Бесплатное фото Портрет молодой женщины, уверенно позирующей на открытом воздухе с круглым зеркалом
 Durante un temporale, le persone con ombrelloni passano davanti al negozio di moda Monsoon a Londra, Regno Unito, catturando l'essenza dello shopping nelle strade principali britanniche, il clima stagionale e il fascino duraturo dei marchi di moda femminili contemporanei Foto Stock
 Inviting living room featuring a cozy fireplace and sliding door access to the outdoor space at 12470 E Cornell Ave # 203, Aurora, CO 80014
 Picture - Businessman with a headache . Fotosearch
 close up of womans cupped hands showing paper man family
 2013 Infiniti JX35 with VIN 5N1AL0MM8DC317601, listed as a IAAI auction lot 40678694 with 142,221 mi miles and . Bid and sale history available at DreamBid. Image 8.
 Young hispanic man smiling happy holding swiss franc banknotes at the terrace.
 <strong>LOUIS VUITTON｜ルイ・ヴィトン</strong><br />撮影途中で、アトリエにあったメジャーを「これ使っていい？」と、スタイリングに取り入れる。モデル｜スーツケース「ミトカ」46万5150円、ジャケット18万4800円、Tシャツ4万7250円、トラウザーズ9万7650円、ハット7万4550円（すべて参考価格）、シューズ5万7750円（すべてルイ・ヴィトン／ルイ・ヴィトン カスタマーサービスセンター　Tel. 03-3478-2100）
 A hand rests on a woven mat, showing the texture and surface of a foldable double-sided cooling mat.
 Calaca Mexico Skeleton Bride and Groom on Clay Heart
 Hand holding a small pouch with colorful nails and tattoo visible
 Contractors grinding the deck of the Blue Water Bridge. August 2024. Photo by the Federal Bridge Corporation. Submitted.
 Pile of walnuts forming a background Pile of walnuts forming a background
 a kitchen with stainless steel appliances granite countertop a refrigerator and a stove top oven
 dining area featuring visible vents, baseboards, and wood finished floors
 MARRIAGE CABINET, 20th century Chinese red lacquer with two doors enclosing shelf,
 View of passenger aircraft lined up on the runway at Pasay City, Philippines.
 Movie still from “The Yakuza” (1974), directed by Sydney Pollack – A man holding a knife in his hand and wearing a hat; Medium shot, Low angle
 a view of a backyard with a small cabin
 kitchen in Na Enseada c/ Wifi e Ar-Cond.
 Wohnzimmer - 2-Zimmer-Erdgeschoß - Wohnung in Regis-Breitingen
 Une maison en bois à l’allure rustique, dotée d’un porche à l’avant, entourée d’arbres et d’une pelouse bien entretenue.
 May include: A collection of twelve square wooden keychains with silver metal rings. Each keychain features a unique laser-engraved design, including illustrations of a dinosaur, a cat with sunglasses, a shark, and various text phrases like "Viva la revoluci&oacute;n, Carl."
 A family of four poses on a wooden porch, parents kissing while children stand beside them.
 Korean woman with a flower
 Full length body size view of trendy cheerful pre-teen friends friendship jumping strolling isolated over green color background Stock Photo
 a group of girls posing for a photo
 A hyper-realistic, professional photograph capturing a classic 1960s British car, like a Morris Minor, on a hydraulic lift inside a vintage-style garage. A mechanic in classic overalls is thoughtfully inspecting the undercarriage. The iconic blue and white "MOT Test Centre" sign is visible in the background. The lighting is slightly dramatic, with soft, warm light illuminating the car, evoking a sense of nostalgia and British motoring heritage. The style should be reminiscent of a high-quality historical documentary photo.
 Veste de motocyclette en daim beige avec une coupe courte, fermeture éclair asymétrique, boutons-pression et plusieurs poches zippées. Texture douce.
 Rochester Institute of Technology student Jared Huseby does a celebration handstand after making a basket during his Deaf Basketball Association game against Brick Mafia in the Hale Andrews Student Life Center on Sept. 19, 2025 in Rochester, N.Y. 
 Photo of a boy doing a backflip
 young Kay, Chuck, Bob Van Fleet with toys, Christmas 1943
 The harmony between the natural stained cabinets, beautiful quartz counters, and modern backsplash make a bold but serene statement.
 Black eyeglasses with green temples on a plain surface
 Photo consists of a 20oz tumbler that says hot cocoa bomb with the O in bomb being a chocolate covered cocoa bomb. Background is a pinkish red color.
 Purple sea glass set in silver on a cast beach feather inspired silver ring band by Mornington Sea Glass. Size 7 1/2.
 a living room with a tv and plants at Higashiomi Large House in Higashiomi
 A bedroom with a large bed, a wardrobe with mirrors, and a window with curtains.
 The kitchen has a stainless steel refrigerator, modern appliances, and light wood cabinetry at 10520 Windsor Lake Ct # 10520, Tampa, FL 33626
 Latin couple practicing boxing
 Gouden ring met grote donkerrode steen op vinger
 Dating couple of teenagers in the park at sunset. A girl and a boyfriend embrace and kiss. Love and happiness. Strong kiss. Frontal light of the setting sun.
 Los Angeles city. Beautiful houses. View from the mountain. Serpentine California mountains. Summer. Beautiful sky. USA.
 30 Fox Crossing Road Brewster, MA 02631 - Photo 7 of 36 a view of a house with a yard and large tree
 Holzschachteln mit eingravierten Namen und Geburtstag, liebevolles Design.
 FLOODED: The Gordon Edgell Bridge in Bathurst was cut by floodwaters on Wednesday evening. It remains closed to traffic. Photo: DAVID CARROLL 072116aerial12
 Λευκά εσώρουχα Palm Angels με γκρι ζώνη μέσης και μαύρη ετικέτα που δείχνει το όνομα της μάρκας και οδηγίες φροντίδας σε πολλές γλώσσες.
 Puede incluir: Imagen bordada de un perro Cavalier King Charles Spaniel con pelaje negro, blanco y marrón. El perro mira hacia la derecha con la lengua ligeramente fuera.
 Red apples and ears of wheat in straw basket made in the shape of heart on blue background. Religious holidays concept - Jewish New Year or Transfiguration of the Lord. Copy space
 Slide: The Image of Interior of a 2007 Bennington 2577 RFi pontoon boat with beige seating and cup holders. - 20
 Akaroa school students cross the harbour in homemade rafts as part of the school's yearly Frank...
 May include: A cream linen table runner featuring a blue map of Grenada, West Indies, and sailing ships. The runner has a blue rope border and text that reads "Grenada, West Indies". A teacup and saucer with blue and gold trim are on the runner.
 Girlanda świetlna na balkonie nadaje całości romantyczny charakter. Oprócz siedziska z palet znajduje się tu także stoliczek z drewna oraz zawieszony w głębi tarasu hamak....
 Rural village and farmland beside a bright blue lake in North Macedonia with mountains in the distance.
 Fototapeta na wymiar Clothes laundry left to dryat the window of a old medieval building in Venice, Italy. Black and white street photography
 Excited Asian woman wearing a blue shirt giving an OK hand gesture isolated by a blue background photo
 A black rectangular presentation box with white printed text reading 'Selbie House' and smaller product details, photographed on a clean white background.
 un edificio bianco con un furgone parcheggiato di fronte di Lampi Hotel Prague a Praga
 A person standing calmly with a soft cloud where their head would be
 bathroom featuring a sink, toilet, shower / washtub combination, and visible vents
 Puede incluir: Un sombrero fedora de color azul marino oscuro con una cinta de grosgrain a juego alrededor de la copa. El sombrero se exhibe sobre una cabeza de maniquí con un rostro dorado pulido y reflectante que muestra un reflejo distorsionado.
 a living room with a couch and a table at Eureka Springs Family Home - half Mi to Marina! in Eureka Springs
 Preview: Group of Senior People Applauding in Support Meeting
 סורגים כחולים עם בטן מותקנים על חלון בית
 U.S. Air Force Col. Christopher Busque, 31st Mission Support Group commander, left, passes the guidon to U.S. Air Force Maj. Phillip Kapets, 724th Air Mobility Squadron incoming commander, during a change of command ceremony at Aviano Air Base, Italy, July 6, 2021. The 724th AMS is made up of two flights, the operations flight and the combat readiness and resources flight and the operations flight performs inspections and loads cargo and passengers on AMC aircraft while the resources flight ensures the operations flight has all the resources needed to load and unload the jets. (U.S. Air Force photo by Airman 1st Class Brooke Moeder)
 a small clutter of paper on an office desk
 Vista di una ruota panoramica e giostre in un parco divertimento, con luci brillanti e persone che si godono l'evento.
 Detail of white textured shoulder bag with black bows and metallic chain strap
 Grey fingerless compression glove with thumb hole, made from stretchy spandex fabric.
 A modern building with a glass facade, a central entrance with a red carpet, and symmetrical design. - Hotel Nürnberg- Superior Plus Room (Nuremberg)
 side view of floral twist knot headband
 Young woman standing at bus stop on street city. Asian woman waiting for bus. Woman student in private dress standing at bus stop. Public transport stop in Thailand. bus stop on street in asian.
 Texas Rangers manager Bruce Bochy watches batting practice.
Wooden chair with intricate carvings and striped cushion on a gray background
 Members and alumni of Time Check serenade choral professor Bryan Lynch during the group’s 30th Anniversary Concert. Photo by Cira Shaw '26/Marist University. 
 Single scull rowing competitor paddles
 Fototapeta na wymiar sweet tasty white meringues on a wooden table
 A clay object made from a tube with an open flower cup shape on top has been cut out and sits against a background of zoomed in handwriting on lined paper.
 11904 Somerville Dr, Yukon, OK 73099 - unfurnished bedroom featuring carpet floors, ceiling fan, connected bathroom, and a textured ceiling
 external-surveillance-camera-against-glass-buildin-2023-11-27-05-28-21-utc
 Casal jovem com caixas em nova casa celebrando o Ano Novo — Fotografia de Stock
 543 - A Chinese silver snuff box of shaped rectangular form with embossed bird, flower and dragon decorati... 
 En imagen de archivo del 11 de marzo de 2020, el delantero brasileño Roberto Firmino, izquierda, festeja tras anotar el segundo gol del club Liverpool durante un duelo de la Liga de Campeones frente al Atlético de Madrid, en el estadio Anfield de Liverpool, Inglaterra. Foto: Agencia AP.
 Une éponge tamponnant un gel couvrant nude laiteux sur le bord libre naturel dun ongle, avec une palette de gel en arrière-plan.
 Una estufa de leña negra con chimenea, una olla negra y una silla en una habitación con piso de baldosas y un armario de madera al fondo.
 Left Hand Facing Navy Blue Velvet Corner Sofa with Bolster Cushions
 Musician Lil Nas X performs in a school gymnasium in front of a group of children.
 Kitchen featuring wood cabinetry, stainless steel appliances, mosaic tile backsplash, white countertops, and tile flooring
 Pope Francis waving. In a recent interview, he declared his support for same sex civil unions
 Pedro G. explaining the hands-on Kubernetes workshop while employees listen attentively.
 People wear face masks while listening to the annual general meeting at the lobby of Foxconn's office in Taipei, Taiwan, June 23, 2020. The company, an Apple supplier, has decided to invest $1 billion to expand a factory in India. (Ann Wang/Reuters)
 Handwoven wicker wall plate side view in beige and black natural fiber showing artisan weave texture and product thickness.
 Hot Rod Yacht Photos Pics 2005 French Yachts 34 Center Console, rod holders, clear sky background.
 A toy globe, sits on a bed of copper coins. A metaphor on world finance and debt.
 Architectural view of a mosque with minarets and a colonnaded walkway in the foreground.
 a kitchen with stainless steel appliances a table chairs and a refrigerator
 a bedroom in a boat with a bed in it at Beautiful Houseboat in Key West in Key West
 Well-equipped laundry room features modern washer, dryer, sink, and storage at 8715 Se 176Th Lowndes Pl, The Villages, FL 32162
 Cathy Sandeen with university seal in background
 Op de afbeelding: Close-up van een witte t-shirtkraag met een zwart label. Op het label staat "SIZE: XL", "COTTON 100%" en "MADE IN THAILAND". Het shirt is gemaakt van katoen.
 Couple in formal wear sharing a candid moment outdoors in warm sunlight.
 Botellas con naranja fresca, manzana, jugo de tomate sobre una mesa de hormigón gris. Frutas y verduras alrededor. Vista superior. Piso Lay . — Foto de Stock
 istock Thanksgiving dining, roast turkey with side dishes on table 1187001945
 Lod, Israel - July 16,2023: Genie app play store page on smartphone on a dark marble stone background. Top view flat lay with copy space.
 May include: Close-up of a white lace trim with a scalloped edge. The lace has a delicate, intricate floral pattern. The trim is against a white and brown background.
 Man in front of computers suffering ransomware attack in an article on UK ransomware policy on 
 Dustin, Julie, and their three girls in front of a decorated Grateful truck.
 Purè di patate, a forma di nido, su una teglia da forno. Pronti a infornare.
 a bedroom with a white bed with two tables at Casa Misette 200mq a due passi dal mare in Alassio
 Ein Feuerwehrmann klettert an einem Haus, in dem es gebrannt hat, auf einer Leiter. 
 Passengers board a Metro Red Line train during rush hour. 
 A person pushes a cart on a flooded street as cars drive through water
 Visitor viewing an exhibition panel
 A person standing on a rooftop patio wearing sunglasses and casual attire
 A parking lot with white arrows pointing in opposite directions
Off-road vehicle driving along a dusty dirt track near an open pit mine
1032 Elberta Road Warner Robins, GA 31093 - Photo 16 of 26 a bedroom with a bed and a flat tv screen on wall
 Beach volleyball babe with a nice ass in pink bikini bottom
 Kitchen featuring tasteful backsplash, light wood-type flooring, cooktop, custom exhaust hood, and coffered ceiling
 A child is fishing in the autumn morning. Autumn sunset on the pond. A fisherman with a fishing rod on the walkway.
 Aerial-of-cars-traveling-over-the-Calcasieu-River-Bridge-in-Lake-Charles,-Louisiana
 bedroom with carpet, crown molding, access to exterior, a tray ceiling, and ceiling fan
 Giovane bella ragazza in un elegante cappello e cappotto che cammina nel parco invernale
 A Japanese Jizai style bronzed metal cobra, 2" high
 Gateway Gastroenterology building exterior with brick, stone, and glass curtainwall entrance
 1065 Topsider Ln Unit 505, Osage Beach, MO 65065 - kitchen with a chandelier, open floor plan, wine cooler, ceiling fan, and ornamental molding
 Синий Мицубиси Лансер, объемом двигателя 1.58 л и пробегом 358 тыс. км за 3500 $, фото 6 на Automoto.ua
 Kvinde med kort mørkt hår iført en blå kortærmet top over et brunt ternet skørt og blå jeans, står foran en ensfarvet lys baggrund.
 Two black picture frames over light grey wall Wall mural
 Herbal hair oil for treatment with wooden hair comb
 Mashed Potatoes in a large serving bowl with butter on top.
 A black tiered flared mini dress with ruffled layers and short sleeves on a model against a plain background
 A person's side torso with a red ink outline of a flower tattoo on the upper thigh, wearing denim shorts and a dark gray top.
--- --- ---
## ASSIGNED TASK
An exact copy of the lines above, from the one containing "A parking lot" through the one containing "Синий Мицубиси Лансер, объемом", is the whole of the answer.

## YOUR RESPONSE
 A parking lot with white arrows pointing in opposite directions
Off-road vehicle driving along a dusty dirt track near an open pit mine
1032 Elberta Road Warner Robins, GA 31093 - Photo 16 of 26 a bedroom with a bed and a flat tv screen on wall
 Beach volleyball babe with a nice ass in pink bikini bottom
 Kitchen featuring tasteful backsplash, light wood-type flooring, cooktop, custom exhaust hood, and coffered ceiling
 A child is fishing in the autumn morning. Autumn sunset on the pond. A fisherman with a fishing rod on the walkway.
 Aerial-of-cars-traveling-over-the-Calcasieu-River-Bridge-in-Lake-Charles,-Louisiana
 bedroom with carpet, crown molding, access to exterior, a tray ceiling, and ceiling fan
 Giovane bella ragazza in un elegante cappello e cappotto che cammina nel parco invernale
 A Japanese Jizai style bronzed metal cobra, 2" high
 Gateway Gastroenterology building exterior with brick, stone, and glass curtainwall entrance
 1065 Topsider Ln Unit 505, Osage Beach, MO 65065 - kitchen with a chandelier, open floor plan, wine cooler, ceiling fan, and ornamental molding
 Синий Мицубиси Лансер, объемом двигателя 1.58 л и пробегом 358 тыс. км за 3500 $, фото 6 на Automoto.ua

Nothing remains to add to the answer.